Comments on A181897 from Gregory Gerard Wojnar, Sep 29 2020

(1)
As the number of entries in row n of the triangle is the partition number p(n), cf. A000041, order all partitions of n as follows.  Let the first partition of n be the sum of n 1's [represented as (1,1,1,...,1)] and the p(n)th partition of n be simply n [represented as (n)]; representing each partition by listing its parts in increasing size [e.g., (1,1,2) represents the partition 1+1+2 of 4], order these representations in lexicographic order.  E.g., the 5 partitions of 4 are ordered (1,1,1,1) < (1,1,2) < (1,3) < (2,2) < (4). Sign each of the entries of the rows of this sequence with (-1)^k(P) where k(P) is the number of parts in partition P.  E.g., row 4 of this triangle becomes +1, -6, +8, +3, -6.  Then the sum of all such signed entries in each row is always 0, with the exception of row 1. 

(2)
Represent an integer partition of N as an N-tuple (m_j)_{j=1...N} such that Sum_{j=1...N}(j*m_j)=N, i.e., m_j is the multiplicity (i.e., the number of occurrences) of j in the partition.

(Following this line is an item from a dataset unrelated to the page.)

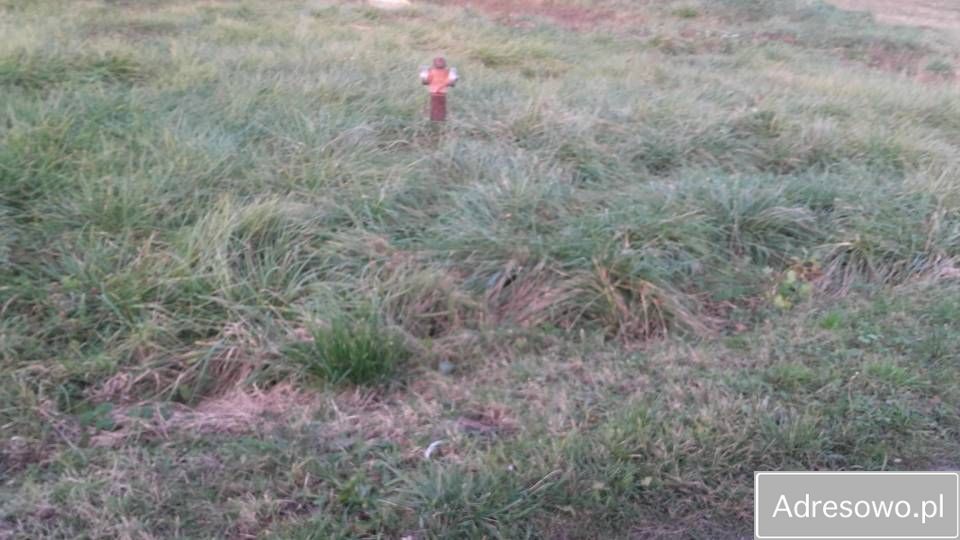 Działka budowlana Komorów. Zdjęcie 7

For any such partition P, denote the number of parts of P by k(P)=Sum_{j=1...N}m_j.

For any such partition P, and for any square matrix A, define tr_P(A):= Product_{j=1...N}tr(A^j)^m_j where tr() denotes the trace of a square matrix.

For a fixed N, order the set of all integer partitions of N, represented as above, in reverse lexicographic order; equivalently, defining B^P:= Sum_{j=1...N}(m_j*B^(N-j) for any base B>= N+1, order the partitions from largest B^P value to smallest B^P value, with ord(P)=1 for the largest B^P and ord(P)=p(N) for the smallest B^P where p(N) equals the number of integer partitions of N, cf. A000041.

Let Part(N) denote the set of all integer partitions of N.

Finally, define for any nonnegative integer i, generalized determinants per D_i(A):= (1/i!)*Sum_{P in Part(i)}(-1)^(i-k(P))*T(n+1, ord(P)-1)*tr_P(A), where T(q, r) is this sequence, augmented by the additional datum T(0,1)=1 for a "row 0" not present in the above triangle [for the correspondence of the entries of row n of this triangle to partitions of n, this "row 0" corresponds to the trivial or empty partition of 0].

Then if A is an N X N matrix, it holds that D_N(A)=det(A) and the characteristic polynomial of A is c_A(t):= det(A-t.Id) = Sum_{i+j=N; 0<=i, j<=N}D_i(A)*(-t)^j where Id is the N X N identity matrix.  Thus the D_i(A) form a sequence of functions stepping from the trace tr(A) = D_1(A) to the determinant det(A) = D_N(A).

Further, these generalized determinants satisfy the recursion D_I(A) = (1/I)*Sum_{i=1...I; j=I-i}(-1)^i*tr(A^i)*D_j(A).